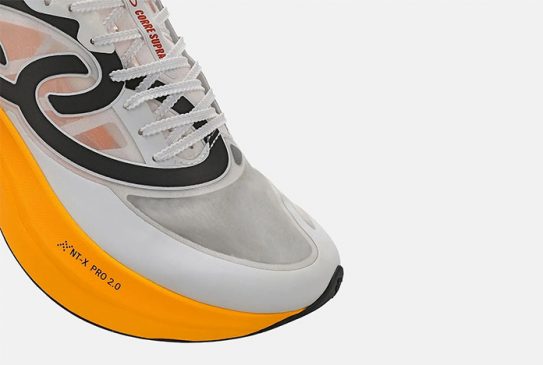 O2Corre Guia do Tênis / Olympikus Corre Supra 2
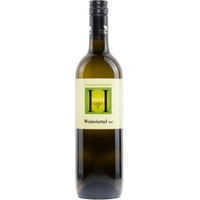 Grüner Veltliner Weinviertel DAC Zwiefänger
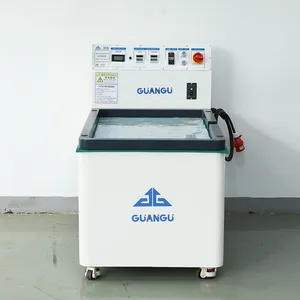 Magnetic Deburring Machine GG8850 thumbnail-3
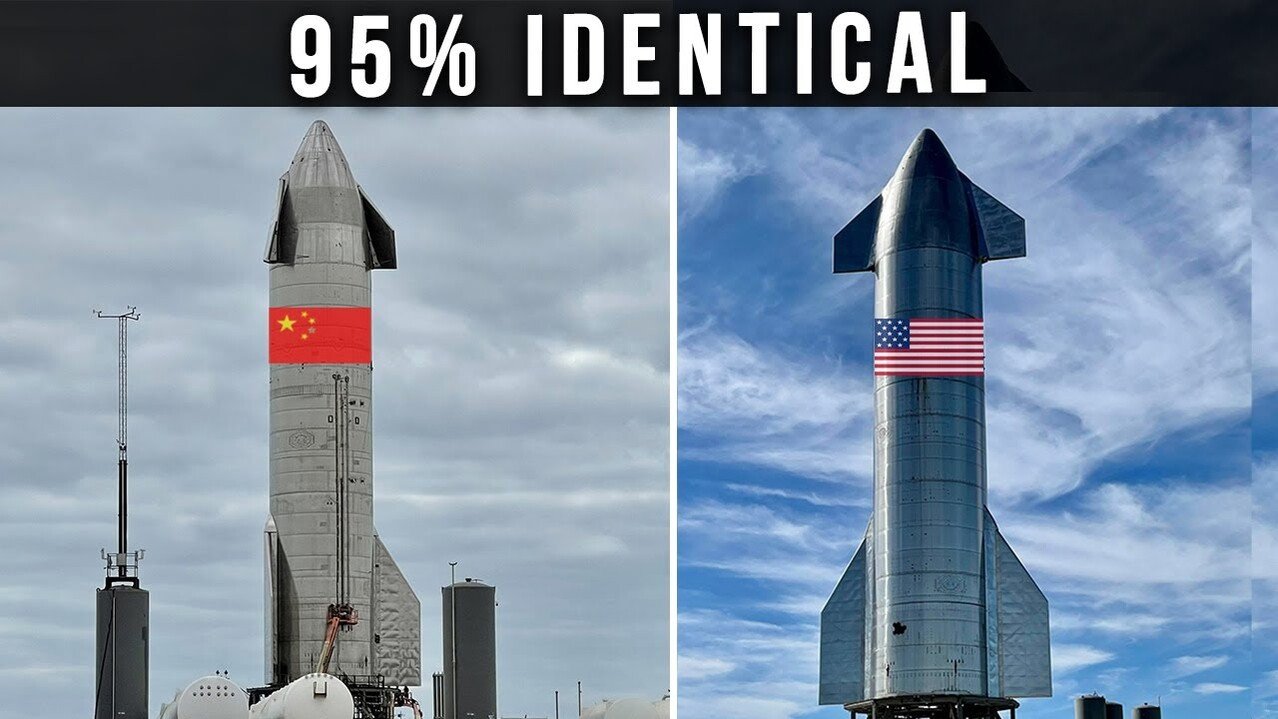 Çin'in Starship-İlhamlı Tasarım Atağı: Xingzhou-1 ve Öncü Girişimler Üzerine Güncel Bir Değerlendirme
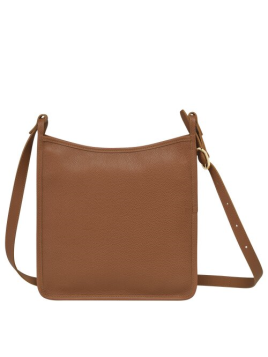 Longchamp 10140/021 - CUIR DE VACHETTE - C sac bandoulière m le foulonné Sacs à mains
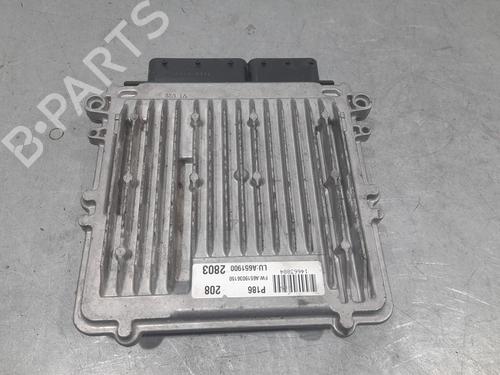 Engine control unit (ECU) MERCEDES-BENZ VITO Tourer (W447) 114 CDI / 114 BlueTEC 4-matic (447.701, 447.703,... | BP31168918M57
------------------------------------------------------------
Find the line containing "Grüner Veltliner Weinviertel DAC Zwiefänger" in the listing above. Please restate word for word that line through the last one, leaving out the pictures.

 Grüner Veltliner Weinviertel DAC Zwiefänger
 Magnetic Deburring Machine GG8850 thumbnail-3
 Çin'in Starship-İlhamlı Tasarım Atağı: Xingzhou-1 ve Öncü Girişimler Üzerine Güncel Bir Değerlendirme
 Longchamp 10140/021 - CUIR DE VACHETTE - C sac bandoulière m le foulonné Sacs à mains
 Engine control unit (ECU) MERCEDES-BENZ VITO Tourer (W447) 114 CDI / 114 BlueTEC 4-matic (447.701, 447.703,... | BP31168918M57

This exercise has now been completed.